UK CPI eased back to the Bank of England’s 2.0% target in May, for the first time in nearly 3 years. The annual rate came back from 2.3% in April. However, the news was not all positive as it’s a negative rate of goods inflation, which fell 1.3%, that is pulling down the headline rate while services inflation is still running quite hot, at 5.7% in May, just about ticking down from 5.9% in April. This level of services inflation will be worrying for Bank of England policy makers and with that underlying pressure the headline rate is more likely to head higher rather than lower in the months ahead.
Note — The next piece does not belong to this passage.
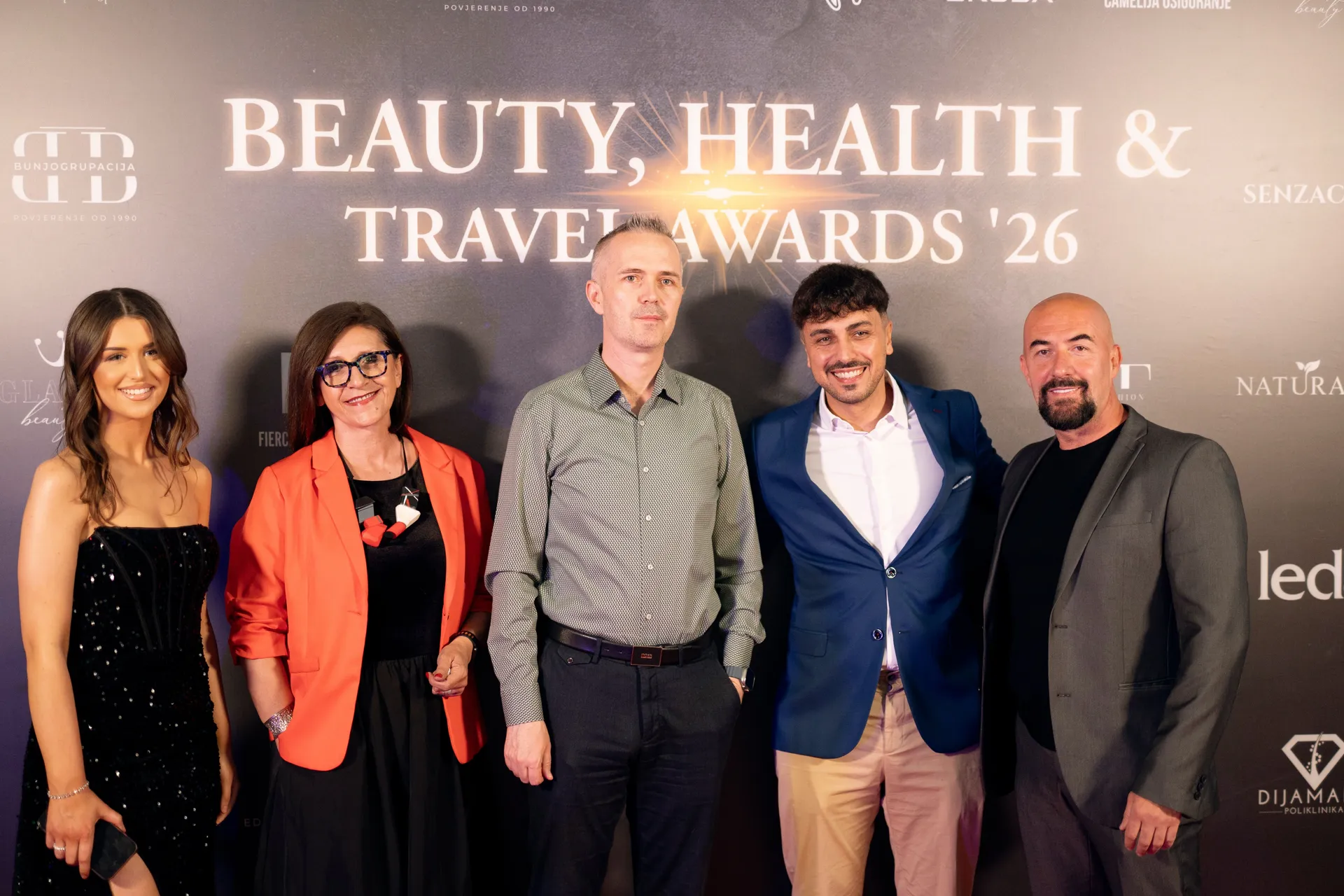 Beauty, Health & Travel Awards održan u glamuroznom ambijentu Škoda - Triab salona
The Bank of England meets tomorrow but no move from them is expected, particularly given the political situation in the middle of an election campaign. This data – despite the lower headline rate – has the market reducing the chances of policy being eased at the September meeting with a first rate cut now not fully priced in until November.
The ZEW survey in Germany showed weak sentiment again in June. The current situation survey ticked down to -73.8 from -72.3 in May, when an improvement was expected. The expectations index barely inched up, to 47.5 this month from 47.1 in May. The current situation survey is showing stagnation at a low level and while expectations is improving, its upturn has been slow. While the German economy is forecast to grow modestly this year and accelerate in 2025, businesses are sceptical of that outlook and fearful of a renewed downturn. Some of the hard data does suggest that parts of the German economy are continuing to struggle, notably industry where production has fallen in each of the past 2 months and orders are down in each of the first 4 months of the year.
There was mixed data out of the US. Industrial production increased by 0.9% month-on-month in May. That follows a fall in April but the rebound last month was strong and broad-based. It’s hard to see if this can be sustained as sentiment in the sector has been fairly weak amid mixed demand and pressure on costs but this is a welcome fill-up. The news from consumers was more negative however with retail sales barely increasing in May. Sales were up 0.1% in May from a 0.2% drop the previous month. There were healthy gains in retail spending in February and March but the wind seems to have turned now with much more subdued spending recently. Past inflation has hit households hard, and while inflation rates are easing now, consumers appear more cautious amid high interest rates, worries about the economy and wary of the future path of inflation.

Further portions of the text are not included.